For the Real images logs, we used this log file:
Credits to Anthony Courchesne for the logs.
From those logs, to collect the dataset, simply run the following commands at the root of the repo:
cd duckieLog/
mkdir dataset_raw/real
mkdir dataset_raw/sim
Before generating the dataset, modify the variable ENV
in the
util/log_viewer.py
ENV="real" or ENV="sim"
Then for the simulator dataset
python3 util/log_viewer.py --log_name ds_300_150slim_ir_yuv.log
and for the real dataset:
python3 util/log_viewer.py --log_name FH_real_ds_1.log
You should now have two folders with 38751 elements each.
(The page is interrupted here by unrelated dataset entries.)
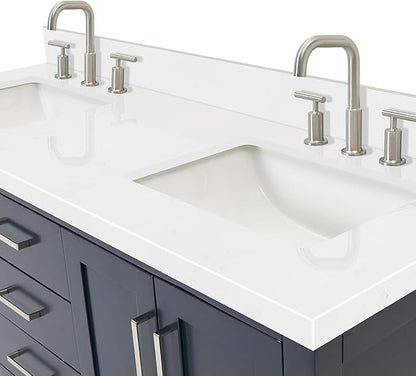 ARIEL Magnolia 60-inch Bathroom Vanity with Sink,Solid Wood, 1.5-inch Carrara White Quartz Countertop, Double Rectangular Porcelain Sink, 4 Soft Closing Doors, 3 Dovetail Drawers, Midnight Blue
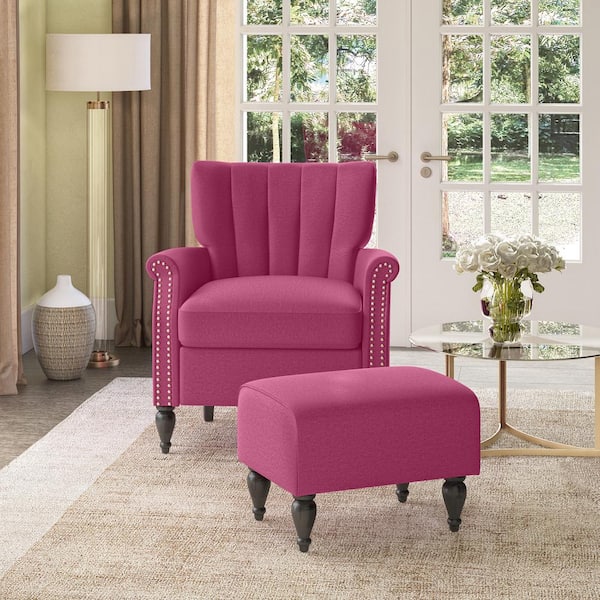 Pink accent chair online with ottoman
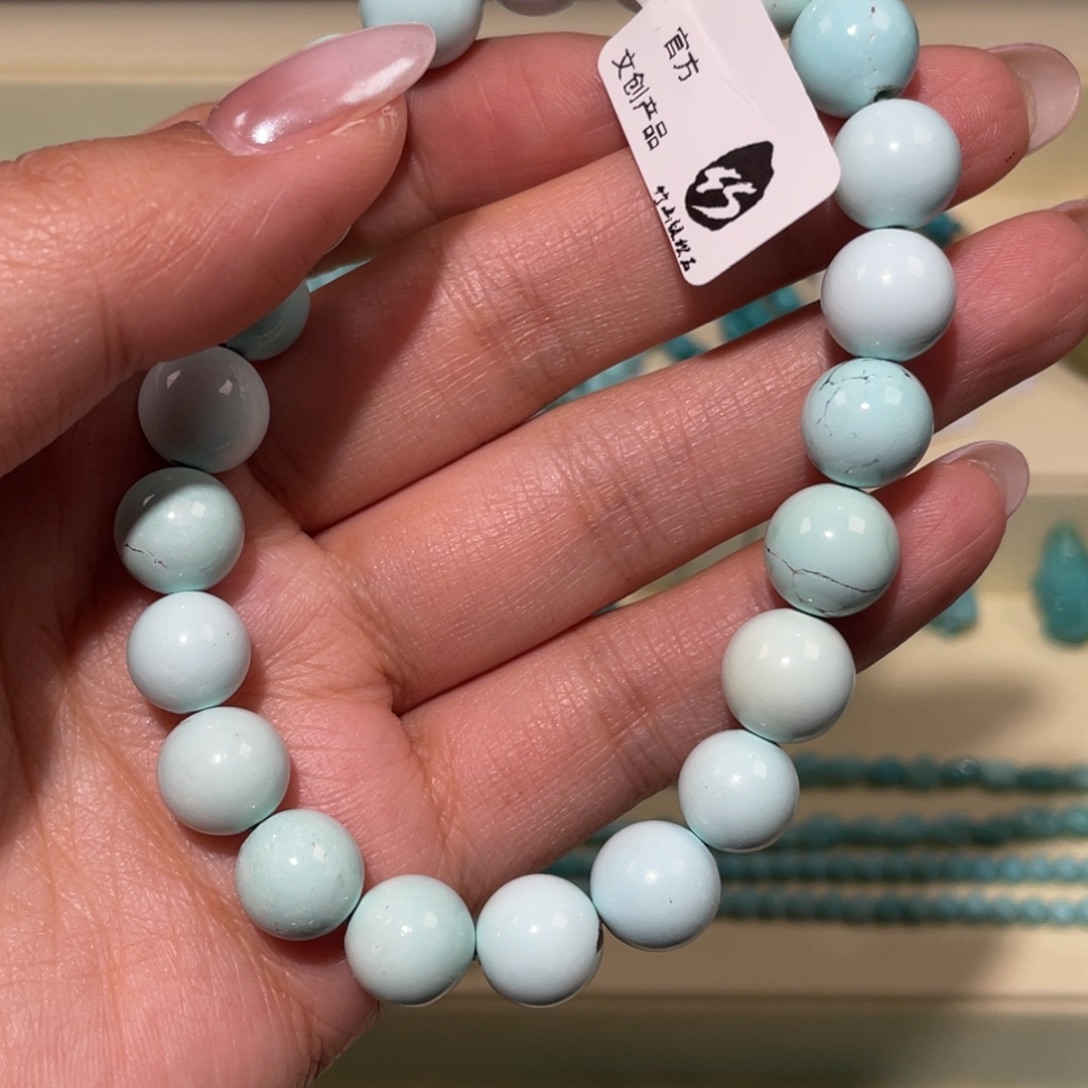 绿松石未镶嵌圆珠手串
This is the dataset we used for our project.
The UNIt dataset is tricky to generate since it requires the files to respect a specific folder structure and needs a train/test split to work.
This is the desired folder structure:
/dataset/sim2real_raw
- test
- images_a:
- 0001.jpeg
- 0002.jpeg
- 0003.jpeg
- images_b
- 0001.jpeg
- 0002.jpeg
- 0003.jpeg
- train
- images_a
- 0001.jpeg
- 0002.jpeg
- 0003.jpeg
- images_b
- 0001.jpeg
- 0002.jpeg
- 0003.jpeg
To facilitate the generation of such dataset, the file train_test_splitter.py
enables a few transformations.
To generate a dataset in the UNIT format, simply run
python3 util/train_test_splitter.py
This will produce an 80/10 train-test split of the dataset and produce the desired folder structure.